In my view, however, this disciplinary classification is arbitrary, and fails to demarcate any epistemologically relevant distinction. In particular, what is the justification for the view that the only “real sciences” are only the natural sciences? It cannot be the result of having adopted a superior set of methodologies, since in many cases there is more methodological continuity across different disciplines than within single ones.

For example, analytical chemistry and cognitive psychology are both largely focused on laboratory experiments, while in astrophysics and macroeconomics experiments are mostly impossible, and so these disciplines instead rely predominantly upon observation and development of mathematical theories.

Likewise, piecing together the evolutionary relationships of different species has more in common with the linguistic analysis of different languages than it does with other sub-fields of biology.

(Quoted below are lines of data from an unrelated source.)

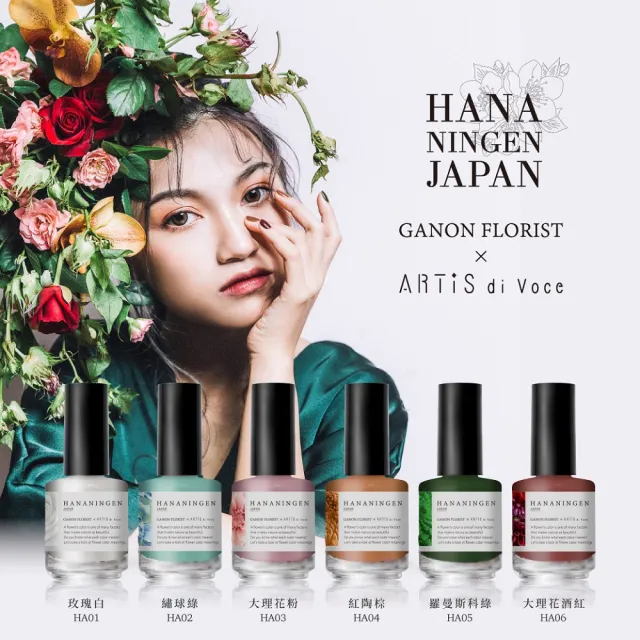 【ARTiS di Voce】x Hananingen 指甲油 HA05羅曼斯科綠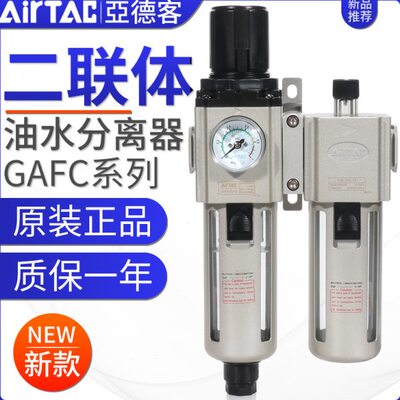 亚德客过滤器气源处理器二联件GAFC20008S/30010S/40015/600C25AS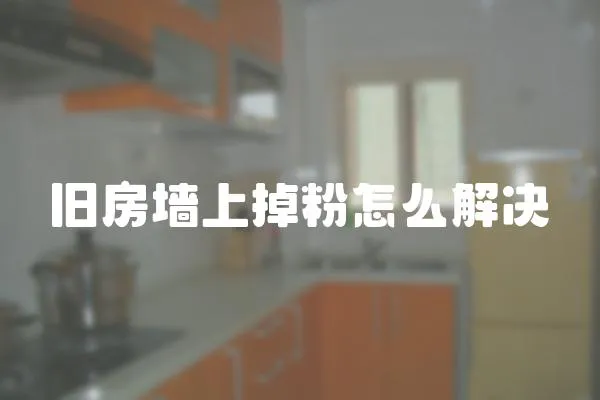 舊房墻上掉粉怎么解決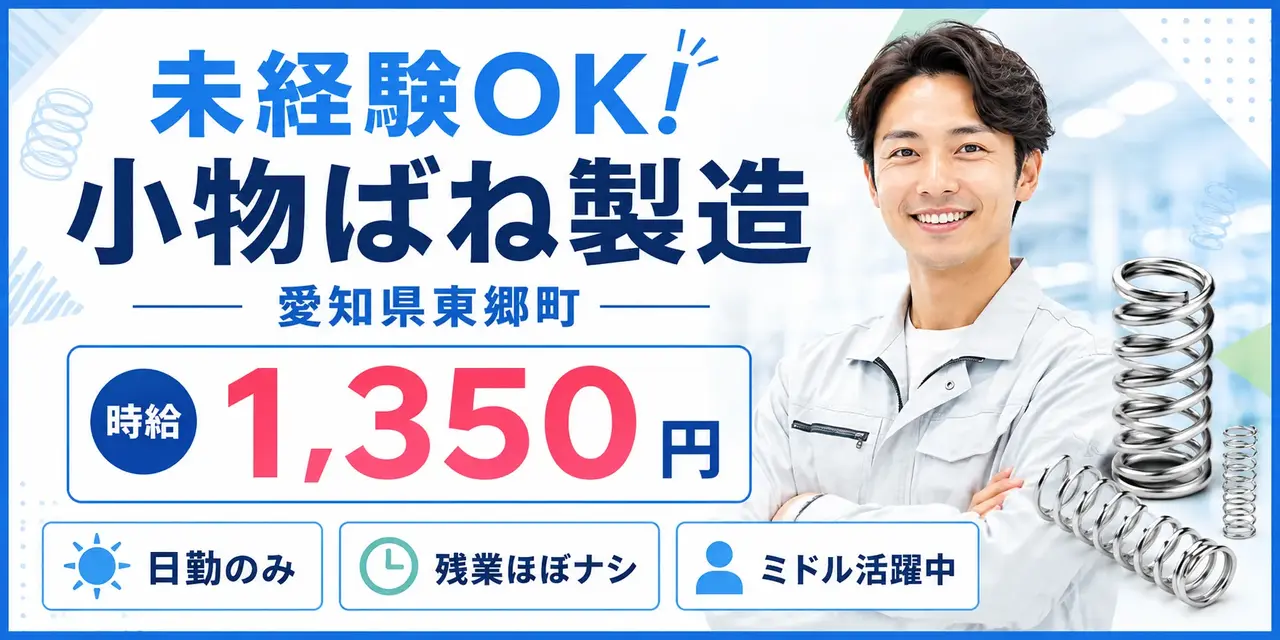 愛知県東郷町｜小物ばね生産・加工・検査・納品業務（昼勤専属・未経験歓迎）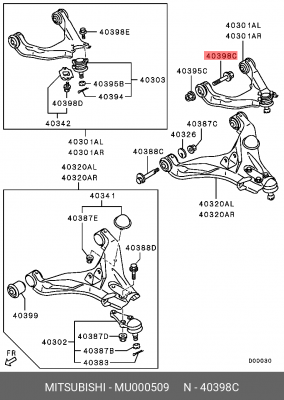 Болт MITSUBISHI ОЕ MU000509 MITSUBISHI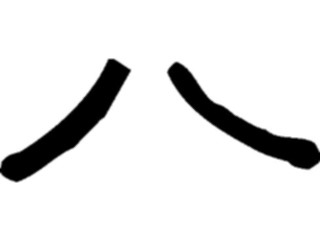 Sticker Custom Preview Image #043101 Cartoons Make Your Own Eyebrows3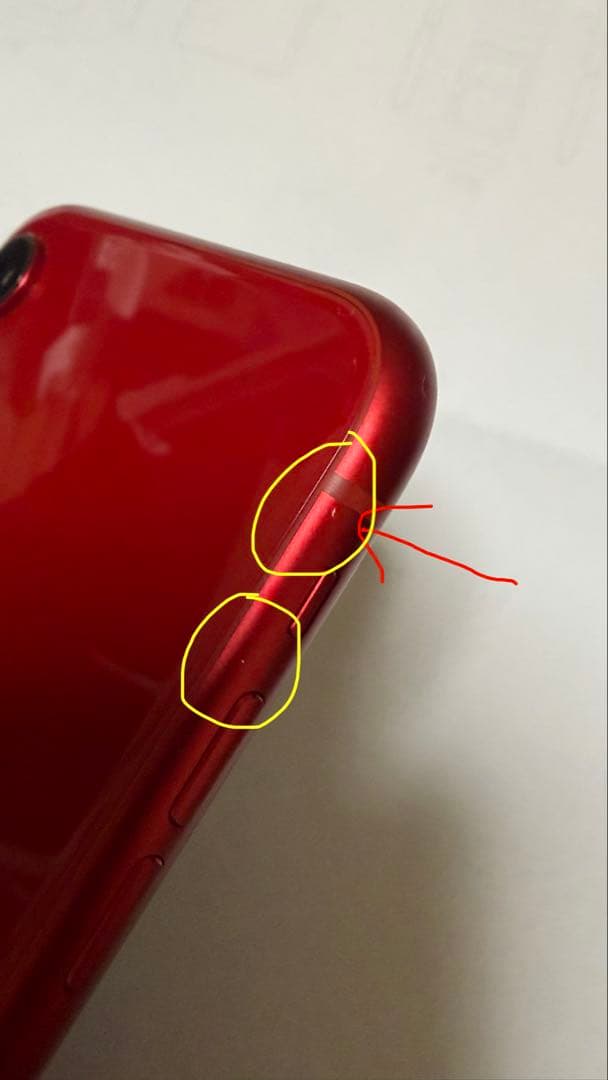 iPhoneXR本体 128GB RED バッテリー最大容量81% キャリアau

Nor can it be the subject matter of the disciplines which sets them apart, since there is a continuum between the study of primate behaviour in biology and the study of human behaviour in the social sciences, and also between the study of natural history in geology and biology, and the study of human history in the social sciences and humanities.

Furthermore, many mathematical models originally developed in the context of physics and chemistry have also been profitably applied to many other fields, especially economics and sociology (e.g. equilibrium theory, network analysis, complex systems theory).

My contention here is not that there is literally no difference between the natural sciences and social science or non-scientific disciplines. I do, however, think that there is a great deal of continuity and intermingling between them, both in terms of methodologies and subject matter, a fact which belies the sharp science/non-science dichotomy advocated by crude positivists.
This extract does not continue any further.